Please refer to the github repository for course materials github.com/akzaidi/R-cadence

Agenda

  • We will learn in this tutorial how to train and test models with the RevoScaleR package.
  • Use your knowledge of data manipulation to create train and test sets.
  • Use the modeling functions in RevoScaleR to train a model.
  • Use the rxPredict function to test/score a model.
  • We will see how you can score models on a variety of data sources.
  • Use a functional methodology, i.e., we will create functions to automate the modeling, validation, and scoring process.

Prerequisites

  • Understanding of rxDataStep and xdfs
  • Familiarity with RevoScaleR modeling and datastep functions: rxLinMod, rxGlm, rxLogit, rxDTree, rxDForest, rxSplit, and rxPredict
  • Understand how to write functions in R
  • Access to at least one interesting dataset

Typical Lifecycle

Typical Modeling Lifecycle:

  • Start with a data set
  • Split into a training set and validation set(s)
  • Use the ScaleR modeling functions on the train set to estimate your model
  • Use rxPredict to validate/score your results

Mortgage Dataset

  • We will work with a mortgage dataset, which contains mortgage and credit profiles for various mortgage holders

In [ ]:
mort_path <- paste(rxGetOption("sampleDataDir"), "mortDefaultSmall.xdf", sep = "/")
file.copy(mort_path, "mortgage.xdf", overwrite = TRUE)
mort_xdf <- RxXdfData("mortgage.xdf")
rxGetInfo(mort_xdf, getVarInfo = TRUE, numRows = 5)
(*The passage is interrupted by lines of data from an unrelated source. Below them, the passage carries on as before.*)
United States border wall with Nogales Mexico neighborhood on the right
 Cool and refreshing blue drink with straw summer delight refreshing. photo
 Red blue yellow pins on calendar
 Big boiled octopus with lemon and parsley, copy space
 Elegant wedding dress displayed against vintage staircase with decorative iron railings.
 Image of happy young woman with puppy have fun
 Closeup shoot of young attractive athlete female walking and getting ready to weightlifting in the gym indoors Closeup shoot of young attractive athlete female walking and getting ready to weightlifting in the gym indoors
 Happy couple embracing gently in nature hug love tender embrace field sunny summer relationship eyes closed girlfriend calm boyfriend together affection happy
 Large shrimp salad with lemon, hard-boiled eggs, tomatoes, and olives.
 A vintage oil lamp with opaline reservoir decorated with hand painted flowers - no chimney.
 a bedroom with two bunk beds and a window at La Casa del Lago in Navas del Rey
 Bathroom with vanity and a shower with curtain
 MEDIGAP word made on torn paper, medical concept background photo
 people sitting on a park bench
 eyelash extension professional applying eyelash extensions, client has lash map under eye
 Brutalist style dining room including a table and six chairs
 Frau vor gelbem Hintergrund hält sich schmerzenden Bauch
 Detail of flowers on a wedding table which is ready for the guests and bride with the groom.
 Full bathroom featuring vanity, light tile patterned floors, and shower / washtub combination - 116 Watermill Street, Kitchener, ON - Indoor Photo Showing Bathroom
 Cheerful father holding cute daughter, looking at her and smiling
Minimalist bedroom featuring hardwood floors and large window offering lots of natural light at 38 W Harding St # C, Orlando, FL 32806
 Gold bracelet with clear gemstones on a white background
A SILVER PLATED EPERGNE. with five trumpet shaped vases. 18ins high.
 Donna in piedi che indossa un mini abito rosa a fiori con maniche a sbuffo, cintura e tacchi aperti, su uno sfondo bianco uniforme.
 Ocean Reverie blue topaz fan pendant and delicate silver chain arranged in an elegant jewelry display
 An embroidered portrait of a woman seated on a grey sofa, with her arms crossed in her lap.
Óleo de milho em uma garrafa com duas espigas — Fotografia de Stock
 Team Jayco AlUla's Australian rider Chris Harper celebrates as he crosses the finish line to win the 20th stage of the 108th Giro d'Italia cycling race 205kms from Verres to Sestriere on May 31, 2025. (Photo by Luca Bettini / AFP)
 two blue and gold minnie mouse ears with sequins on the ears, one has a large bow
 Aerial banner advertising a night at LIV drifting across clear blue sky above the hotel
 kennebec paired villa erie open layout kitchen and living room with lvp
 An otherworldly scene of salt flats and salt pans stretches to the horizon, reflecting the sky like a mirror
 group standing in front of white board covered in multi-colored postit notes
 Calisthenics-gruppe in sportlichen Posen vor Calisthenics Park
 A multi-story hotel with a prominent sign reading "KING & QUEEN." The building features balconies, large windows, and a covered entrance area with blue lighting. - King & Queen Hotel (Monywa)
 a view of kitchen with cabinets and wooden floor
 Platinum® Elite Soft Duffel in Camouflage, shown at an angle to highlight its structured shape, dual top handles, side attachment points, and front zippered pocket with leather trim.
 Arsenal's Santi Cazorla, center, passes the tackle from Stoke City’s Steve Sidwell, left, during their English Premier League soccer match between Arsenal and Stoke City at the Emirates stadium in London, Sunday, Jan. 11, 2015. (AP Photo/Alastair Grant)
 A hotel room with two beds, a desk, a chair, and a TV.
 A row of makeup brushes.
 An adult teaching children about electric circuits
Transform Default to Categorical

  • We might be interested in estimating a classification model for predicting defaults based on credit attributes

In [ ]:
rxDataStep(inData = mort_xdf,
           outFile = mort_xdf,
           overwrite = TRUE,
           transforms = list(default_flag = factor(ifelse(default == 1,
                                                          "default",
                                                          "current"))
                             )
           )
rxGetInfo(mort_xdf, numRows = 3, getVarInfo = TRUE)

Modeling

Generating Training and Test Sets

  • The first step to estimating a model is having a tidy training dataset.
  • We will work with the mortgage data and use rxSplit to create partitions.
  • rxSplit splits an input .xdf into multiple .xdfs, similar in spirit to the split function in base R
  • output is a list
  • First step is to create a split variable
  • We will randomly partition the data into a train and test sample, with 75% in the former, and 25% in the latter

Partition Function


In [ ]:
create_partition <- function(xdf = mort_xdf,
                             partition_size = 0.75, ...) {
  rxDataStep(inData = xdf,
             outFile = xdf,
             transforms = list(
               trainvalidate = factor(
                   ifelse(rbinom(.rxNumRows,
                                 size = 1, prob = splitperc),
                          "train", "validate")
               )
           ),
           transformObjects = list(splitperc = partition_size),
           overwrite = TRUE, ...)

  splitDS <- rxSplit(inData = xdf,
                     #outFilesBase = ,
                     outFileSuffixes = c("train", "validate"),
                     splitByFactor = "trainvalidate",
                     overwrite = TRUE)

  return(splitDS)

}

Minimizing IO

Transforms in rxSplit

While the above example does what we want it to do, it's not very efficient. It requires two passes over the data, first to add the trainvalidate column, and then another to split it into train and validate sets. We could do all of that in a single step if we pass the transforms directly to rxSplit.


In [ ]:
create_partition <- function(xdf = mort_xdf,
                             partition_size = 0.75, ...) {

  splitDS <- rxSplit(inData = xdf,
                     transforms = list(
                       trainvalidate = factor(
                         ifelse(rbinom(.rxNumRows,
                                       size = 1, prob = splitperc),
                                "train", "validate")
                         )
                       ),
                     transformObjects = list(splitperc = partition_size),
                     outFileSuffixes = c("train", "validate"),
                     splitByFactor = "trainvalidate",
                     overwrite = TRUE)

  return(splitDS)

}

Generating Training and Test Sets

List of xdfs

  • The create_partition function will output a list xdfs

In [ ]:
mort_split <- create_partition(reportProgress = 0)
names(mort_split) <- c("train", "validate")
lapply(mort_split, rxGetInfo)

Build Your Model

Model Formula

  • Once you have a training dataset, the most appropriate next step is to estimate your model
  • RevoScaleR provides a plethora of modeling functions to choose from: decision trees, ensemble trees, linear models, and generalized linear models
  • All take a formula as the first object in their call

In [ ]:
make_form <- function(xdf = mort_xdf,
                      resp_var = "default_flag",
                      vars_to_skip = c("default", "trainvalidate")) {

  library(stringr)

  non_incl <- paste(vars_to_skip, collapse = "|")

  x_names <- names(xdf)

  features <- x_names[!str_detect(x_names, resp_var)]
  features <- features[!str_detect(features, non_incl)]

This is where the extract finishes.